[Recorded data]
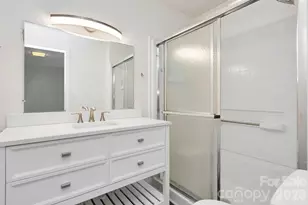 100 Kilpatrick St, Brevard, NC 28712 - Photo 19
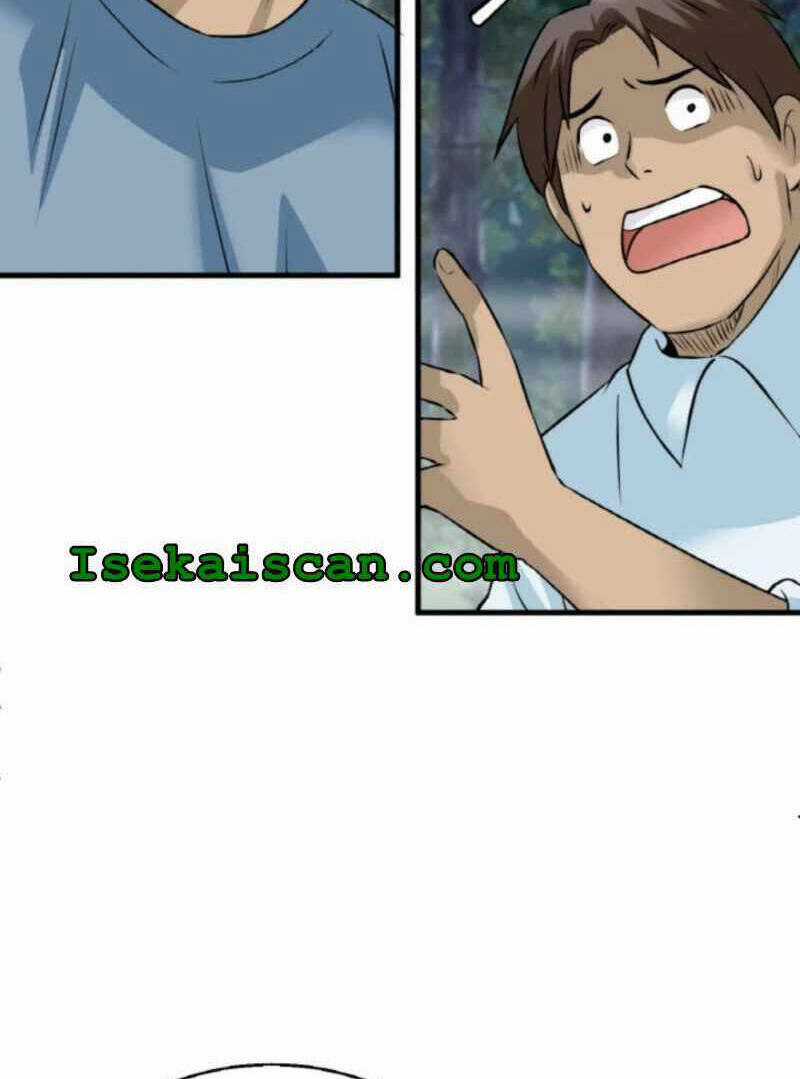 Ranker Bất Bại Chapter 45 trang 80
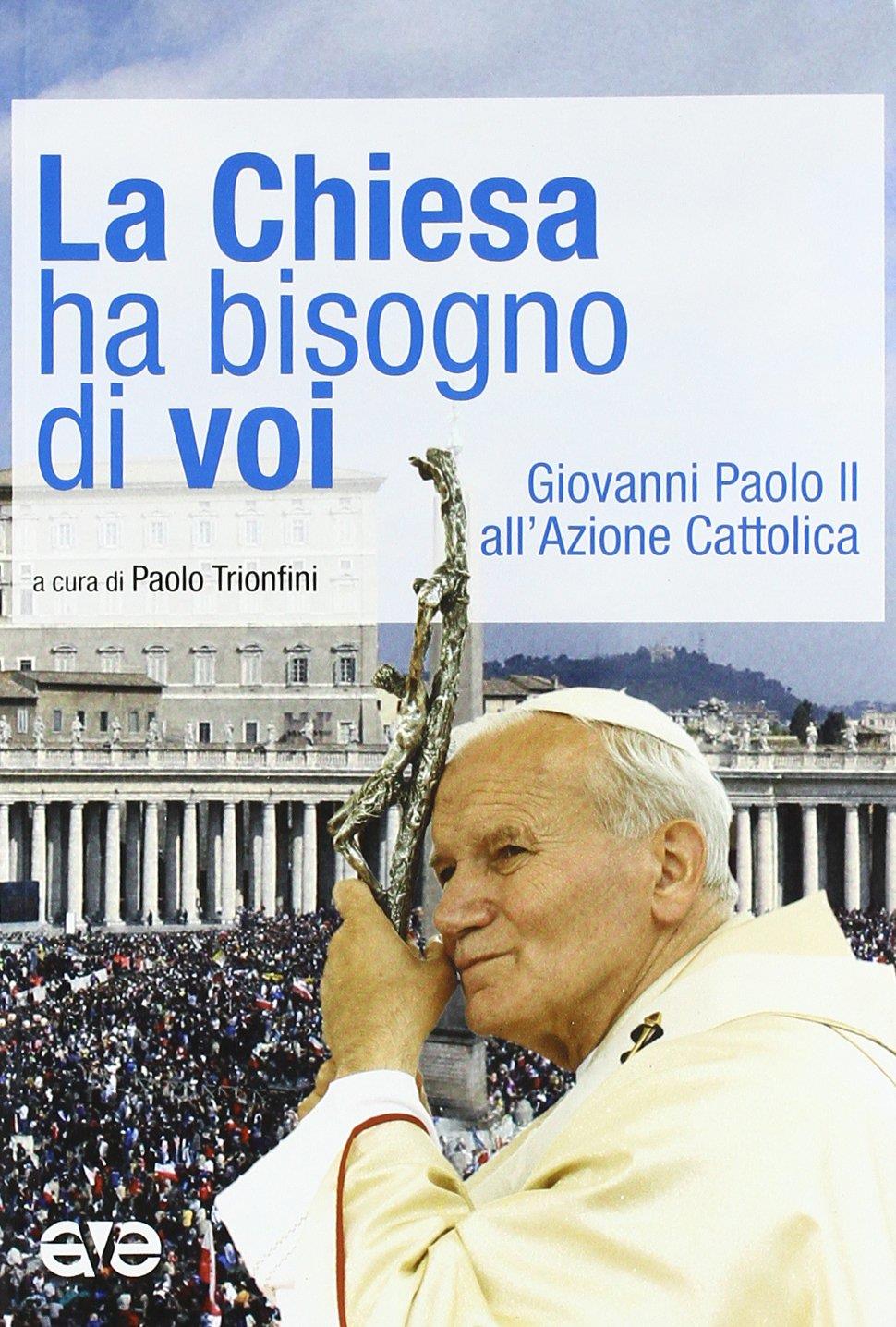 Librisaggi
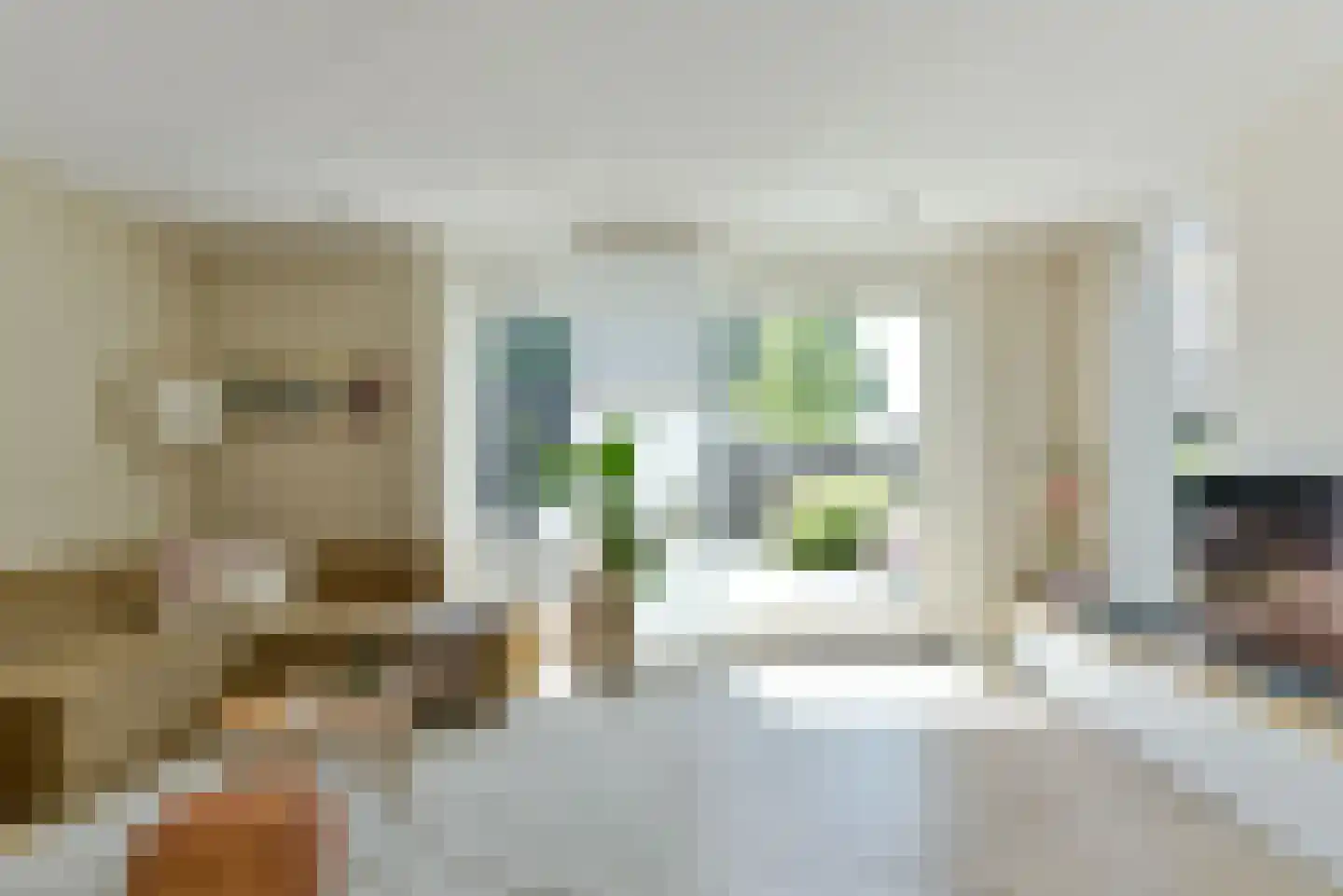 Lange Akker 16 Leusden thumbnail 17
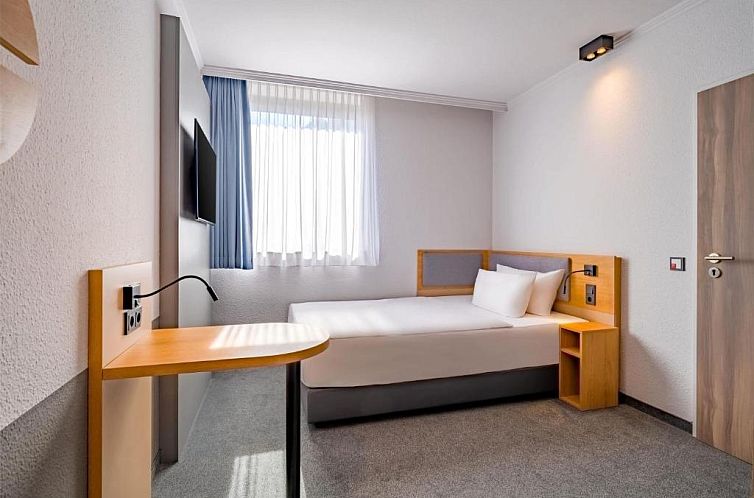 Flemings Express Hotel Wuppertal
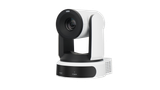  Camera PTZ VX630TA 
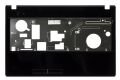 Lenovo Orijinal ideapad G580 20150 2189 Notebook Klavye Kasa Üst Kasa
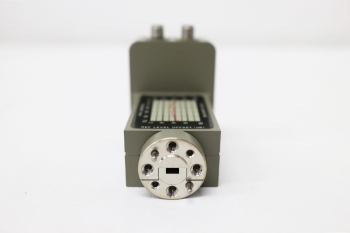 11970V50-75GHz 導波管高調波ミキサー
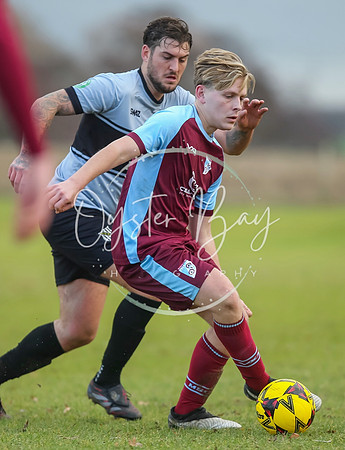 Mersham_3-1_Stanhope_328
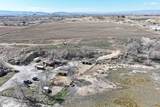 1537 19 Road - Photo 31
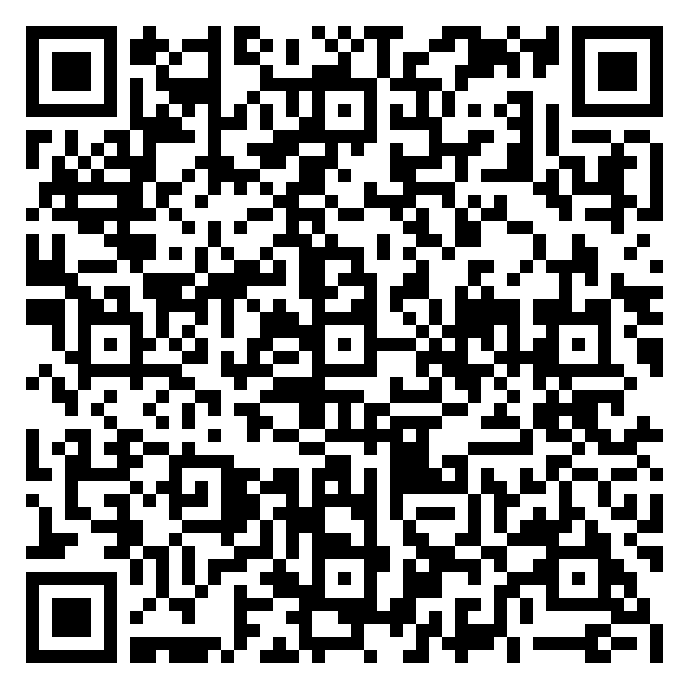 kod QR z danymi kontaktowymi 09142916900000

REQUIRED WORK
Write out every line above exactly, minus images.

REPLY TO THE EXERCISE
 100 Kilpatrick St, Brevard, NC 28712 - Photo 19
 Ranker Bất Bại Chapter 45 trang 80
 Librisaggi
 Lange Akker 16 Leusden thumbnail 17
 Flemings Express Hotel Wuppertal
  Camera PTZ VX630TA 
 Lenovo Orijinal ideapad G580 20150 2189 Notebook Klavye Kasa Üst Kasa
 11970V50-75GHz 導波管高調波ミキサー
 Mersham_3-1_Stanhope_328
 1537 19 Road - Photo 31
 kod QR z danymi kontaktowymi 09142916900000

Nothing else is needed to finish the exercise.